## Work to be completed:
Below is a block of entries; repeat exactly the lines starting at the line that contains "Monogram White Red" and ending at the line that contains "Custom Woman Chef", both included.

## Provided records:
+ + +

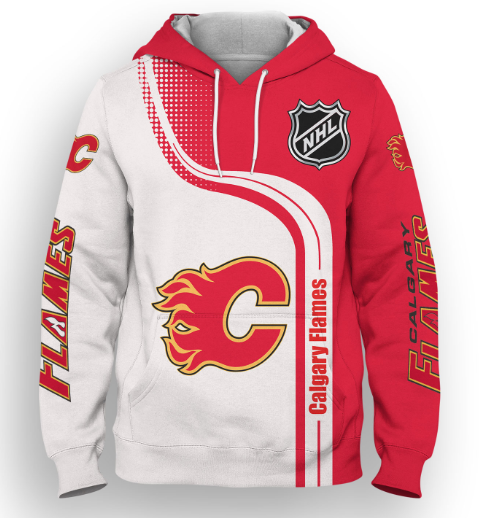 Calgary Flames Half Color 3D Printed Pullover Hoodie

+ + +

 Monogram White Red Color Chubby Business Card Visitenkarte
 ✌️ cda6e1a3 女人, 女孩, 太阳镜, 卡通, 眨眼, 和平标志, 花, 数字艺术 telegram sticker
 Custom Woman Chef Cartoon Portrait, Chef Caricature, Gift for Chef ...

+ + +

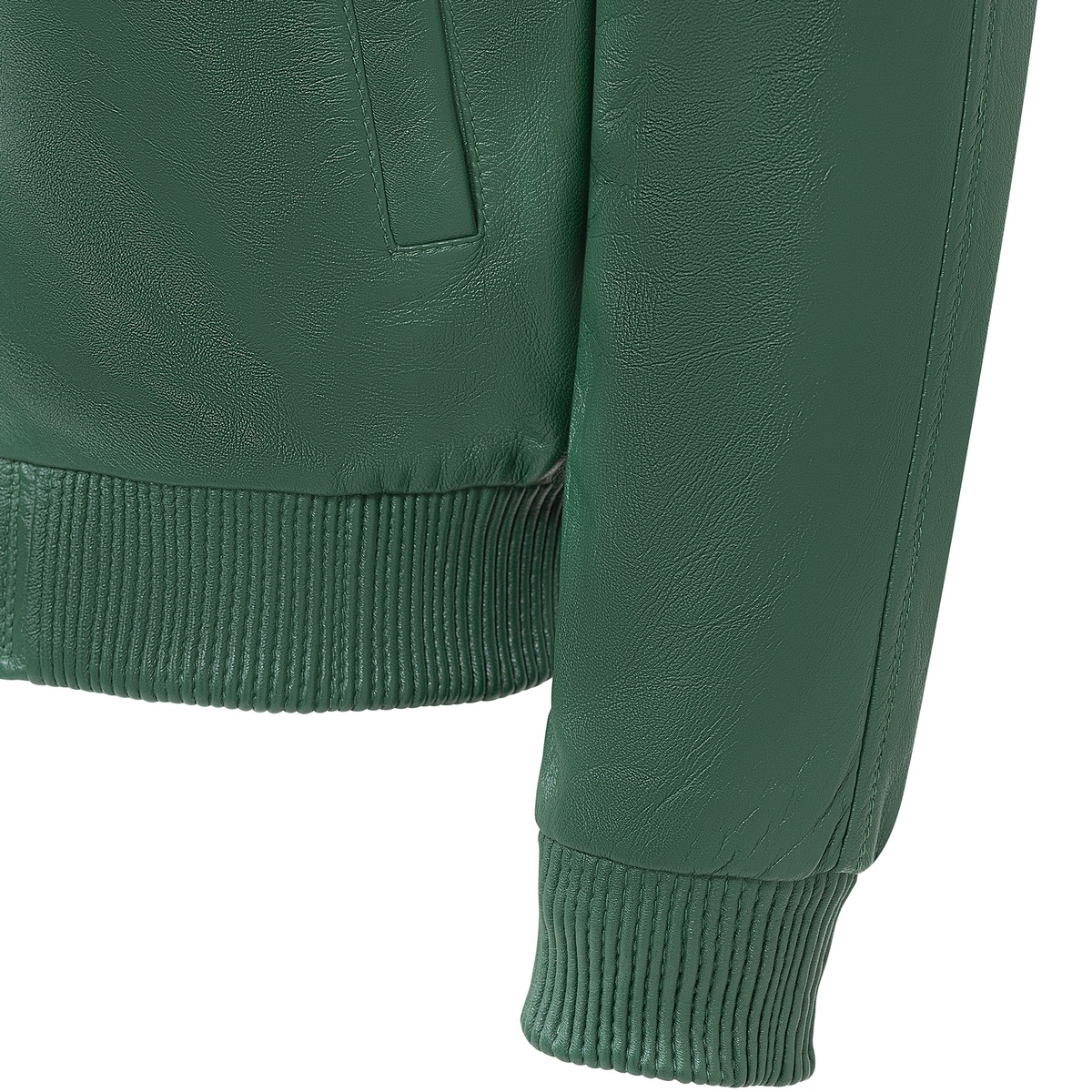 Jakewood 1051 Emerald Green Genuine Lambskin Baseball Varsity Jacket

+ + +

## Problem solution:
 Monogram White Red Color Chubby Business Card Visitenkarte
 ✌️ cda6e1a3 女人, 女孩, 太阳镜, 卡通, 眨眼, 和平标志, 花, 数字艺术 telegram sticker
 Custom Woman Chef Cartoon Portrait, Chef Caricature, Gift for Chef ...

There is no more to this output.